EU & rights group repeat calls for end to executions
The European Union has reiterated its opposition to the use of the death penalty and called for an “immediate moratorium” on executions after Taiwan’s Ministry of Justice executed six deathrow inmates on Friday.
Amnesty International, the London- based human rights group, also said the Taiwan government “should establish an official moratorium on executions as a first step towards abolition,” which is Taipei’s stated longterm goal.
“We recognize the suffering of the victims of the crimes involved and express our sincere sympathy to their families,” said the statement issued late Friday by the European External Action Service, which is the EU’s diplomatic service.
“However, the EU reiterates that the death penalty can never be justified and calls for its universal abolition,” it said.
The EU statement came after the executions of six Taiwanese inmates, all of whom had been convicted of murder.
Taiwan’s Deputy Justice Minister Chen Ming-tang said Friday that consideration of executing the six started in mid-May when the ministry reviewed the situations of all 48 inmates on death row in Taiwan to see if there were still judicial remedies that applied to them.
The number was cut to 25 after the review, and six were se- lected based on the severity and brutality of their crimes, Chen said.
Prior to Friday’s statement, the EU issued similar statements after Taiwan carried out executions in 2010, 2011, 2012, 2013 and 2014.

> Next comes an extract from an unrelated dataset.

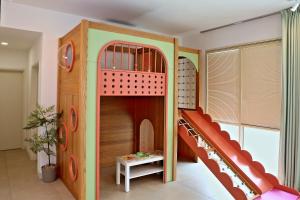 Afiniti 2BR - Slide n Seek - Legoland 300m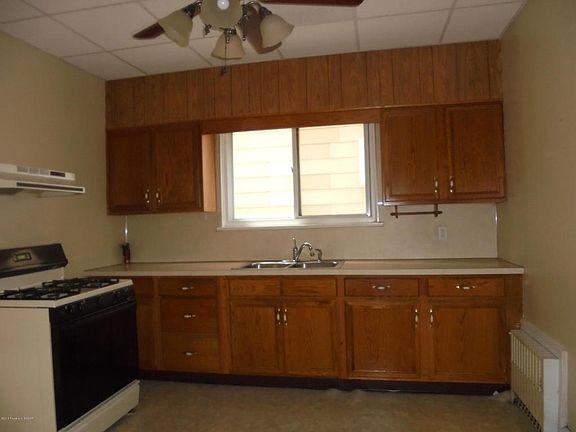 kitchen 2nd fl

Last year, Taiwan executed five people on death row and imposed one new death sentence, all involving people convicted of murder, Amnesty International said. Taiwan was one of 22 countries to carry out executions in 2014, it added.
The EU considers capital punishment inhumane and unnecessary, saying that experience has shown that it does not serve as a deterrent to crime. No legal system is flawless and any miscarriage of justice could lead to the tragic loss of an innocent life, it said on its website.
In its statement, Amnesty International criticizes the decision by Taiwan’s government to carry out the executions at this time, saying it “reeks of political calculations by a government attempting to gain points by quelling public anger.”
The executions occurred amid public outrage following the random killing of an 8-year-old girl in a Taipei school last week.
Police said the suspect, a 29- year- old alumnus of the school who was unemployed and who claimed he suffered from hallucinations, slit the throat of the girl in a school bathroom.